Exercise input Block Start

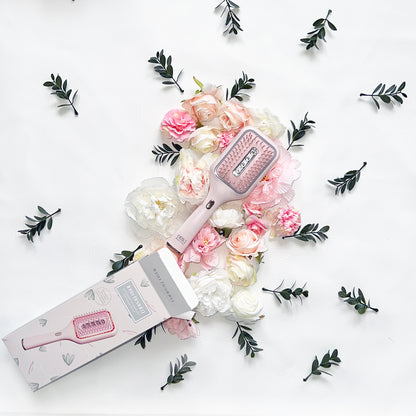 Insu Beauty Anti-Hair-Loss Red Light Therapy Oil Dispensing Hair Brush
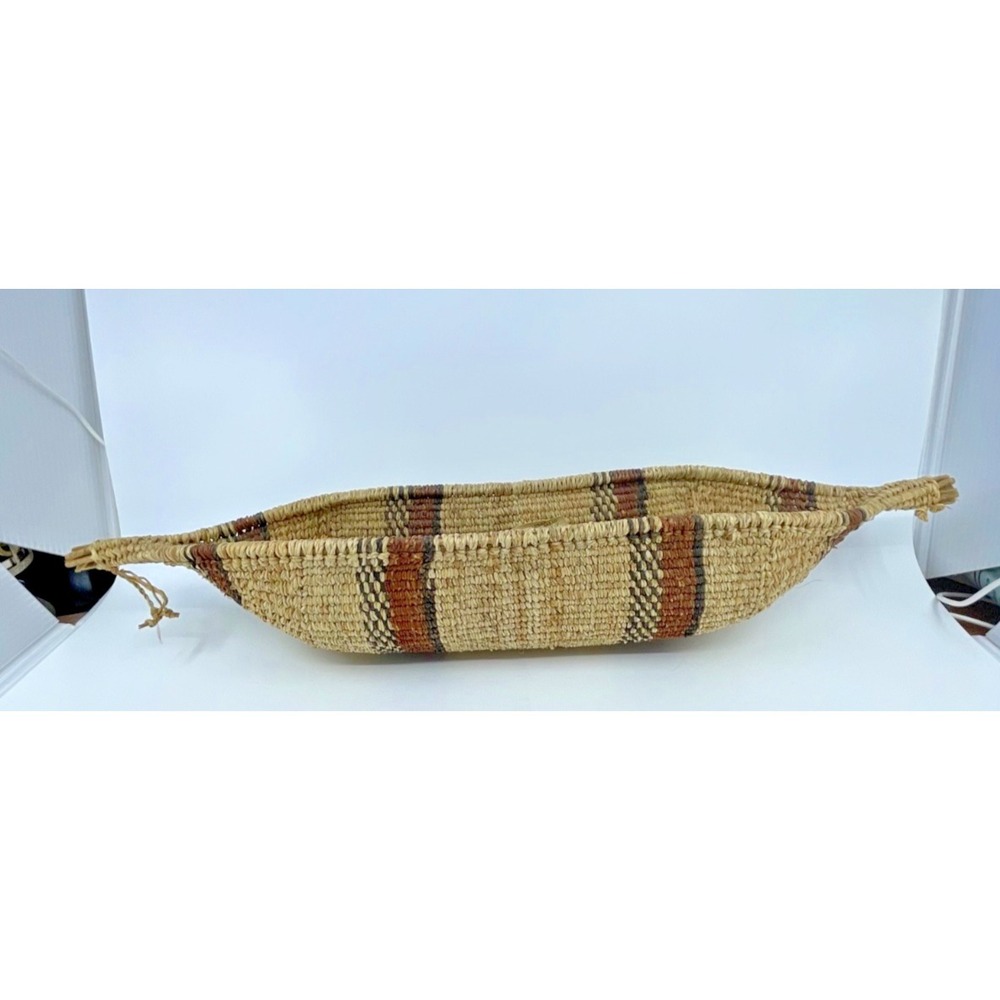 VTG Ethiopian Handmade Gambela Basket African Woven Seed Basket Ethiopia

Exercise input Block End
Exercise input Block Start

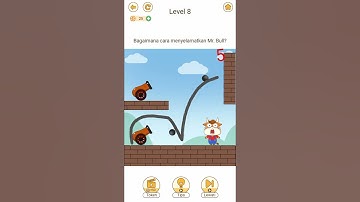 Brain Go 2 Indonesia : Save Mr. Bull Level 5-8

Exercise input Block End
Exercise input Block Start

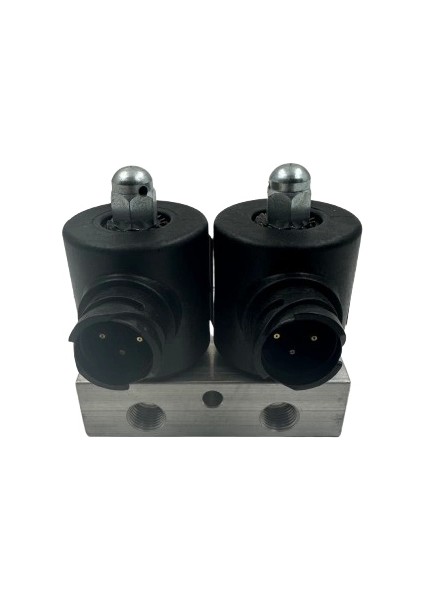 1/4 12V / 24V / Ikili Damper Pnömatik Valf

Exercise input Block End

* **Problem description**
Copy only this from above: the line containing "Insu Beauty Anti-Hair-Loss", the line containing "VTG Ethiopian Handmade", and all lines between, printed exactly. Leave out the pictures.

* **Output of the exercise**
 Insu Beauty Anti-Hair-Loss Red Light Therapy Oil Dispensing Hair Brush
 VTG Ethiopian Handmade Gambela Basket African Woven Seed Basket Ethiopia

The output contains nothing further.